Every line from the one with "71 Maple Ct, Hebron, IN 46341" to the one with "Dodge Challenger SRT", including those two, is to be copied exactly; all other lines of the entries below are left out.

• **EXERCISE DATA**
*** Block opens ***
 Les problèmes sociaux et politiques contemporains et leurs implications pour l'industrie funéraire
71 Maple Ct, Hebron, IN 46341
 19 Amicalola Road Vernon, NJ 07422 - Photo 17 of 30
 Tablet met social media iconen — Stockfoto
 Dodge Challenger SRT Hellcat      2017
*** Block closes ***
*** Block opens ***
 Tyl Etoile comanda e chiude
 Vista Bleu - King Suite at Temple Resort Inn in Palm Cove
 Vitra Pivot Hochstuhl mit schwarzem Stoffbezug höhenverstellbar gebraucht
*** Block closes ***
*** Block opens ***
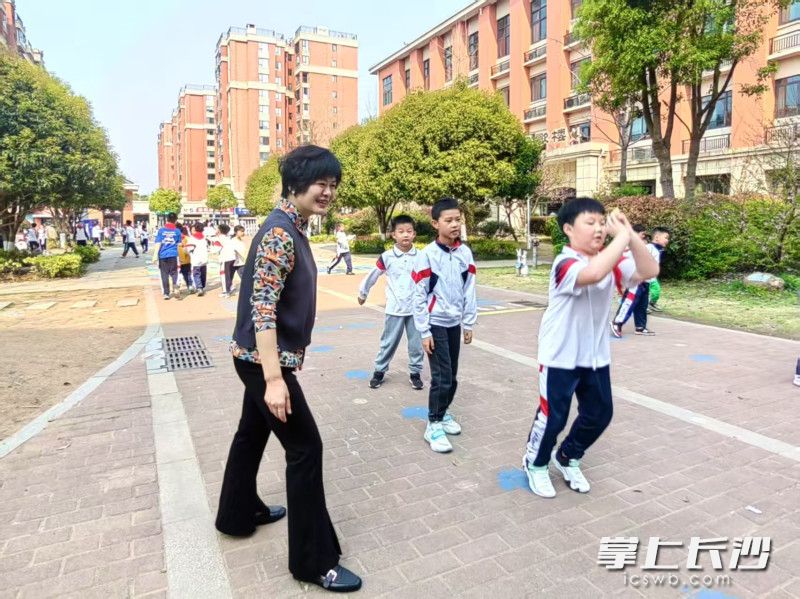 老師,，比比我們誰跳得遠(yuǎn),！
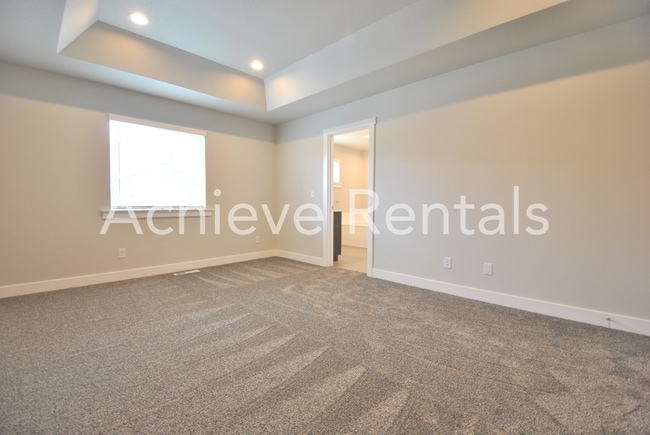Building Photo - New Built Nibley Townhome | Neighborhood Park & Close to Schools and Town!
*** Block closes ***
• **TASK SOLUTION**
71 Maple Ct, Hebron, IN 46341
 19 Amicalola Road Vernon, NJ 07422 - Photo 17 of 30
 Tablet met social media iconen — Stockfoto
 Dodge Challenger SRT Hellcat      2017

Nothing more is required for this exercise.